ENTRIES SHOWN Start Marker

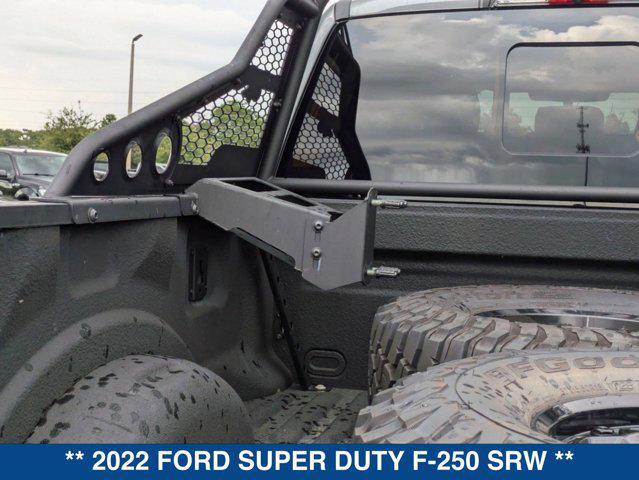 used 2022 Ford F-250 car, priced at $81,200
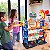 Pista Hot Wheels City Super Garage - HKX48 - Mattel - Imagem 5
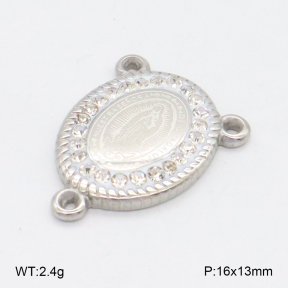 2P4001577avja-355  Stainless Steel Pendant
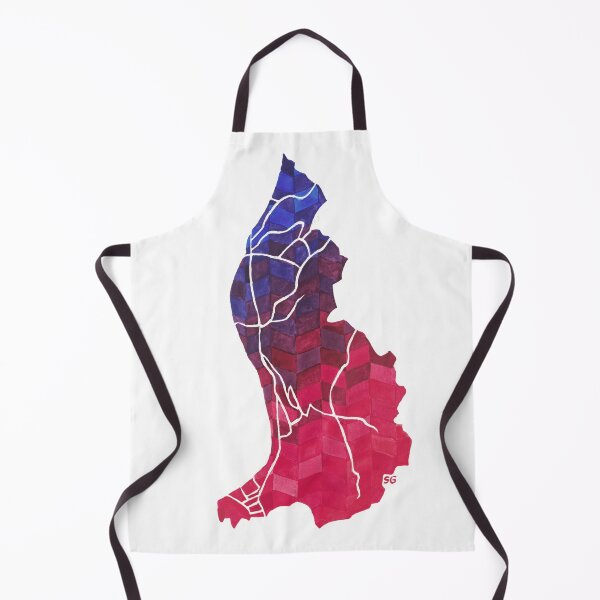 Item preview, Liechtenstein designed and sold by SharlaPaints.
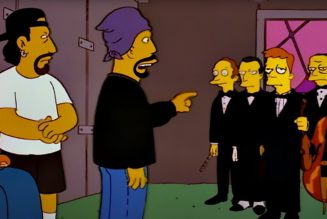 Cypress Hill announce concert with London Symphony Orchestra decades after Simpsons joke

ENTRIES SHOWN End Marker

EXERCISE REQUIREMENTS:
Set down the records again exactly as they appear, leaving each picture behind.

ANSWER BOX:
 used 2022 Ford F-250 car, priced at $81,200
 Pista Hot Wheels City Super Garage - HKX48 - Mattel - Imagem 5
 2P4001577avja-355  Stainless Steel Pendant
 Item preview, Liechtenstein designed and sold by SharlaPaints.
 Cypress Hill announce concert with London Symphony Orchestra decades after Simpsons joke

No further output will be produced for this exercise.